Discussion in 'General Airgun Chat' started by DeanB, Feb 7, 2019.
No worries - it's always (usually ) interesting to discuss this stuff - I find Jim's a great bloke to talk to on such subjects. Hello Jim if you're reading
Another couple of factors to chuck in to complicate matters are transfer port flow area (you often can't assume simple constant pressure then pure expansion once the valve has shut, as a smaller than ideal transfer port will choke flow and drop mean barrel pressure even when the valve is still open) and striker bounce. We can calculate how much air a gun uses "per shot", however this doesn't take into account that maybe only 60-70% of that amount is actually involved in pushing the pellet down the barrel; the rest being released once the pellet is long gone as the striker oscillates against the valve creating numerous subsequent valve actuations and "firing events".
This brings us nicely onto Bob's Airwolf. As much as I'm no fan of the brand, one thing Daystate got bob on with their electronic striker system is its total elimination of striker bounce; making the guns very air efficient. it must also be remembered however that you can't simply compare two guns on pressure drop per shot, since cylinder capacity makes all the difference and in this case the Airwolf has a pretty significant (400cc?) cylinder hanging off the front.
A crude efficiency yardstick I've used for a while is "bar.cc/shot" or even better "bar.cc/ftlb". Assuming Bob's Airwolf is doing around 11.5ftlb and has a 400cc cylinder, this would suggest an air usage, from 0.3bar/shot, of 0.3*400/11.5=10.43bar.cc/ftlb. Comparing this to a typical AA 400 series that gives say 80 good shots at 11.5ftlb over a 65bar pressure drop from a 215cc cylinder capacity gives (65/80)*215/11.5=15.2bar.cc/ftlb..
This indicating that the Airwolf is using around 2/3rds the air per shot that the 400 series - not to be sniffed at!
Of course with your equation for calculating the potential energy of the pressurised gas we can view these characteristics as actual efficiencies rather than abstract units that only make sense for comparison to each other.
All good fun
I always thought it is how many pages of the yellow pages the pellet goes through is how you estimate the muzzle energy !!!!!!!!!! well you learn something new everyday.
To measure how much air was used each shot, a friend once attached a deflated balloon to the muzzle of one of his Daystates, lowered the balloon into a bucket of water (to make it easier to calculate the volume of air), and dry fired the rifle. The expression 'dry fire' is perhaps inappropriate in this case, because the rapid expansion of the balloon displaced much of the water out of the bucket.
Indeed I am, Mike. Your posts are always worth reading.
Grand - nice to find you on a commonly-frequented forum!
That's an "interesting" approach to measuring the rifle's air usage - would it not just have been easier (and drier!) to have worked it out from the cylinder volume?
Where's the fun in that?
Ok scrub that one then, I guess you’d have to subtract the barrel volume as well...

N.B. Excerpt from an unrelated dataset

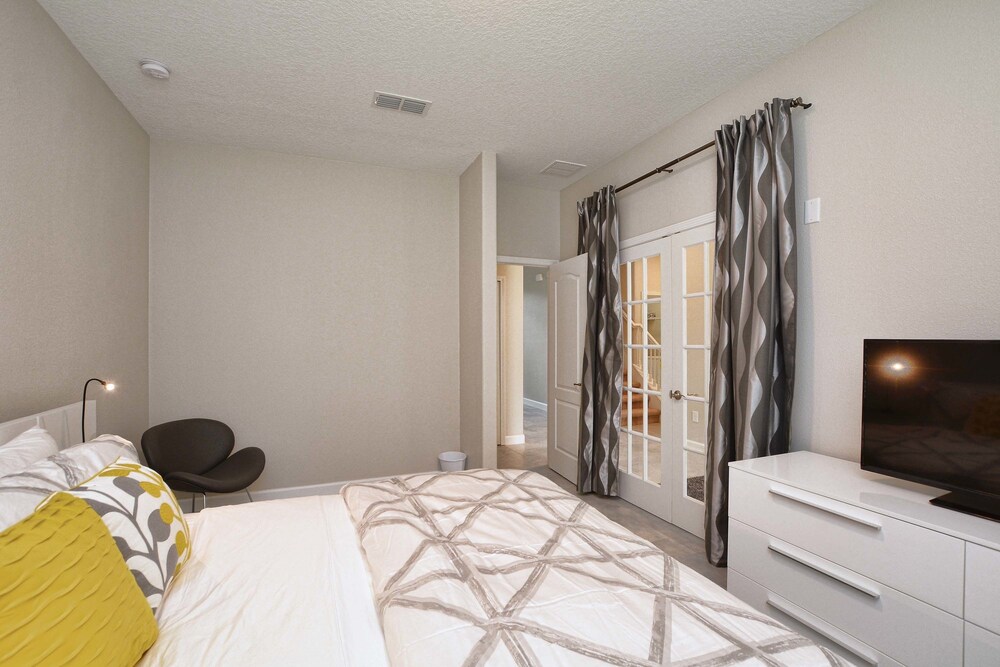 Ohana at Paradise Palms: Resort Townhome W Pool 5 Bedroom Townhouse - photo 48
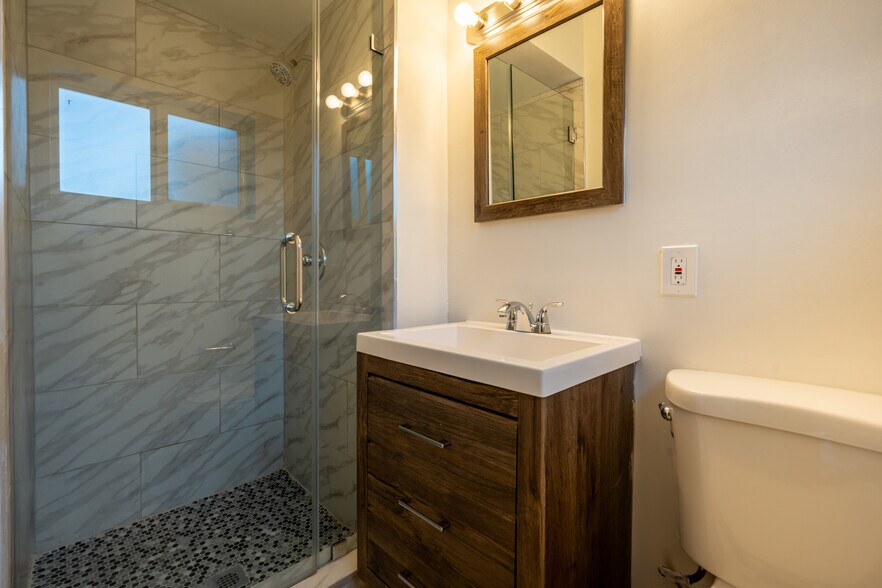 Primary Bathroom - 1317 NE 116th St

Here is a link to a paper describing a model of a springer air rifle....
(PDF) Internal Ballistics of Spring Piston Airguns
I think you might need to join ResearchGate to get access to the paper.
The paper considers many of the factors identified in earlier posts and also some more.
It also references other papers that have looked at modelling air rifles.
Apologies if this paper has already been cited on STB.
And here is link to the same author's work on PCPs. Seven equations but they need to be solved numerically.
(PDF) Internal Ballistics of PCP Airguns
He has also published other work about air riles.
The maths is beyond me.
Is the answer 42?
But I do know that if you can reduce valve bounce by only changing the valve side, it might affect the hammer bounce, but it definitely uses less air. What I don't know is if it changes the recoil over a time period, ie less over longer, or more over less time. Anyway intersting stuff!